◆ About this task ◆
Exactly the lines from the one holding "Plaque Photo Rustic" through the last line of the listing below must appear in the answer, and no pictures.

*** Opening of Available records ***

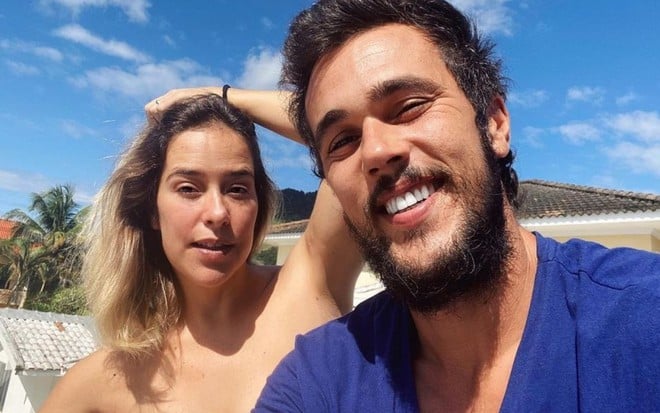 Paloma Duarte e Bruno Ferrari em publicação para o Instagram da atriz em março de 2021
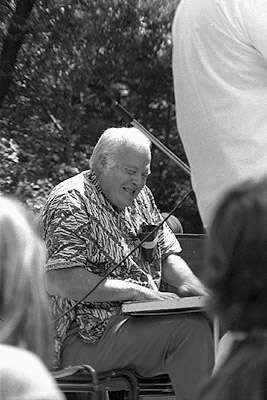 Bill Miller on washboard at a Jazz concert.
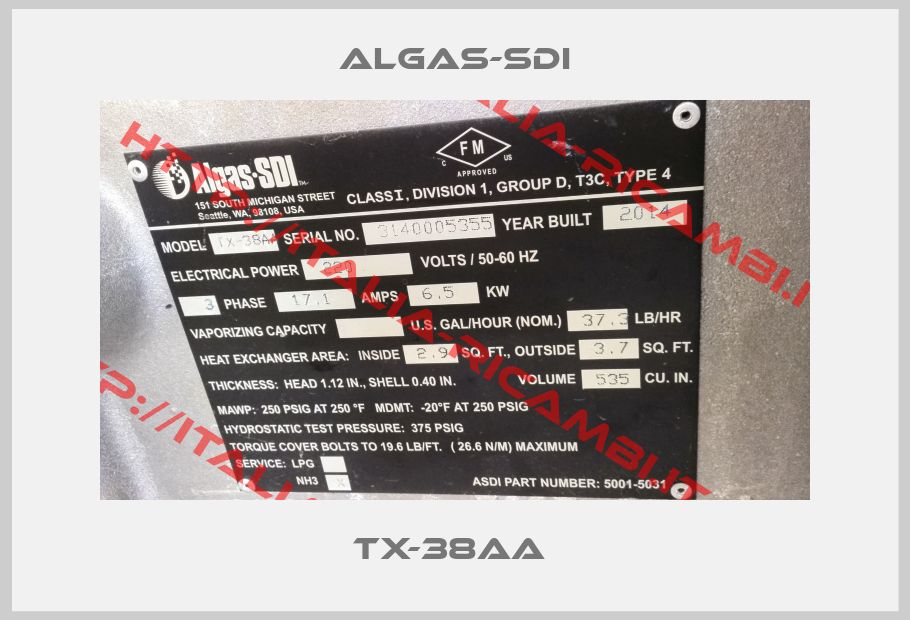 ALGAS-SDI-TX-38AA 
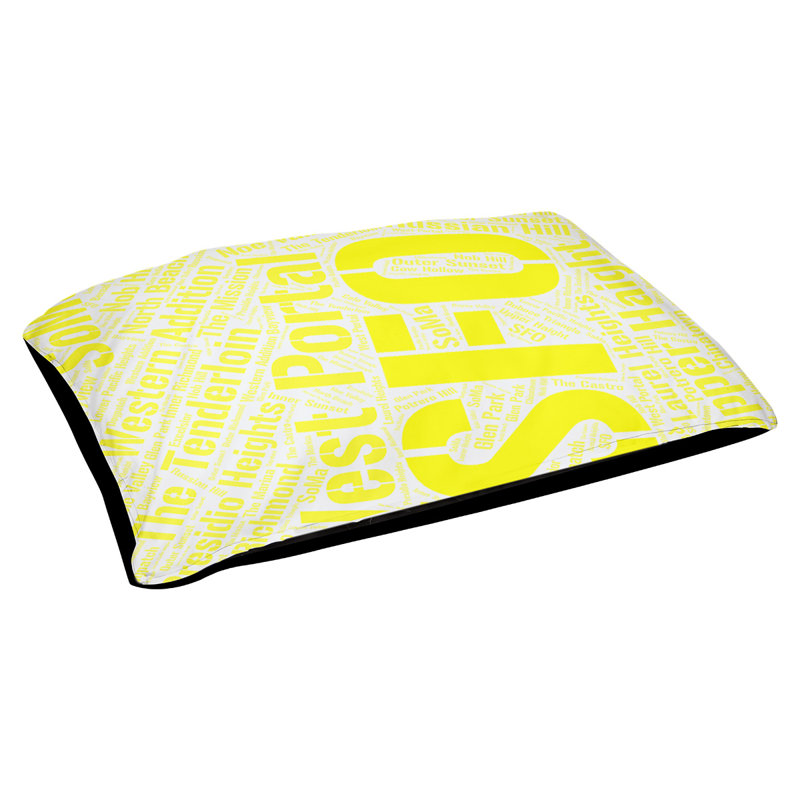 Coussin de chien « districts », Grand (l 40 po x P 30 po x H 14 po), Jaune, Raleigh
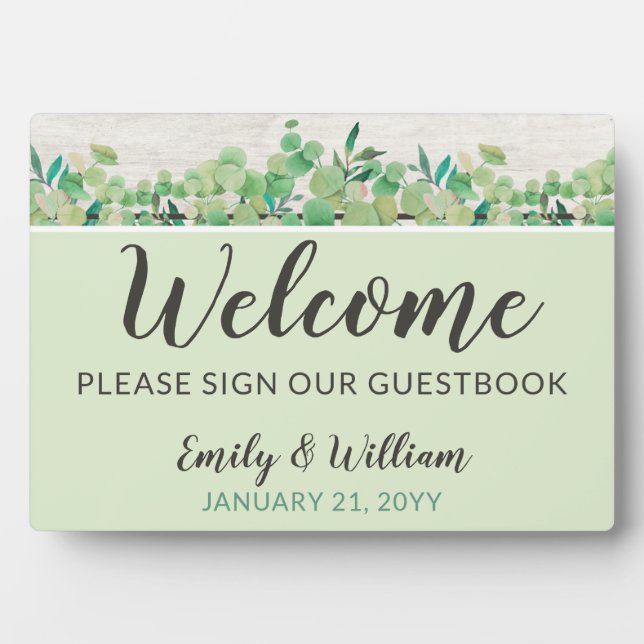 Plaque Photo Rustic Wood & Eucalyptus Bienvenue Mariage Livre d (Devant)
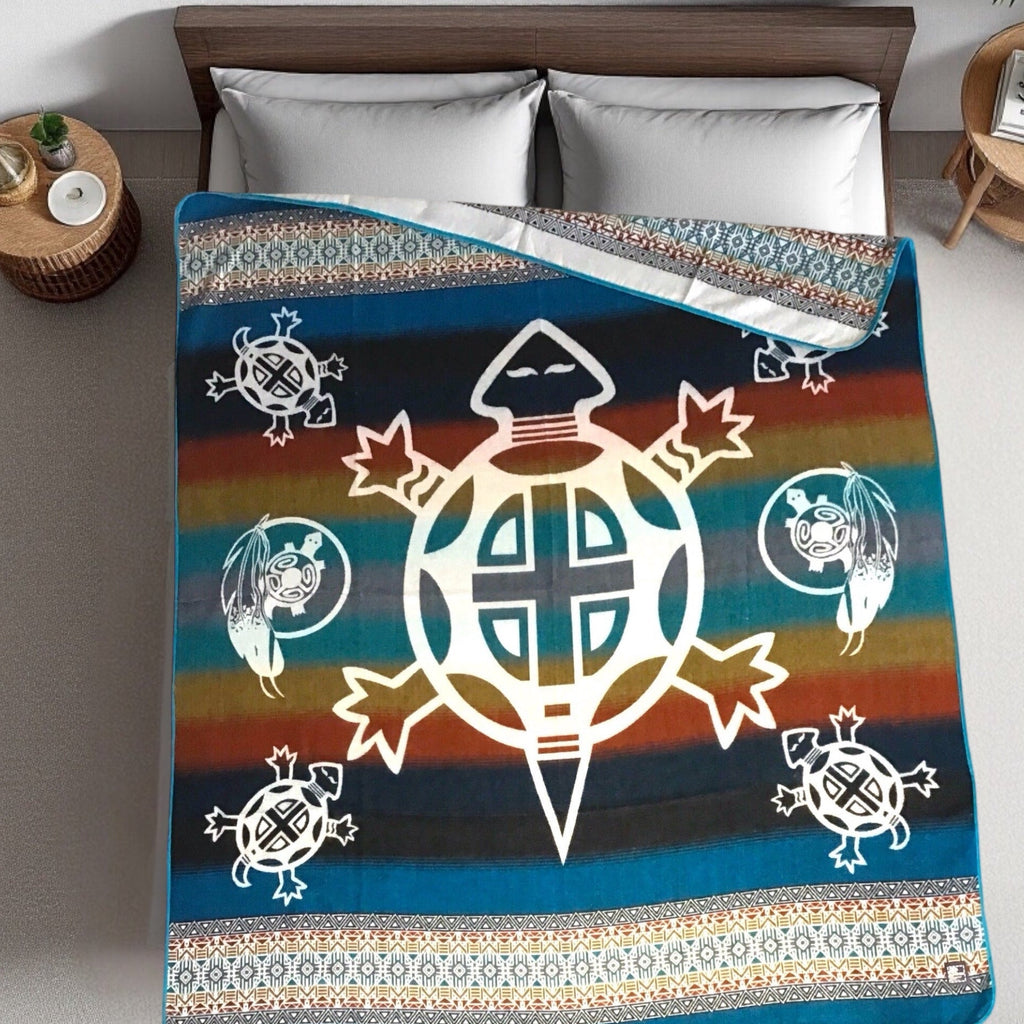 Couverture réversible en alpaga OLDTRIBES™ Tortue et plumes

*** Close of Available records ***

◆ Completed exercise ◆
 Plaque Photo Rustic Wood & Eucalyptus Bienvenue Mariage Livre d (Devant)
 Couverture réversible en alpaga OLDTRIBES™ Tortue et plumes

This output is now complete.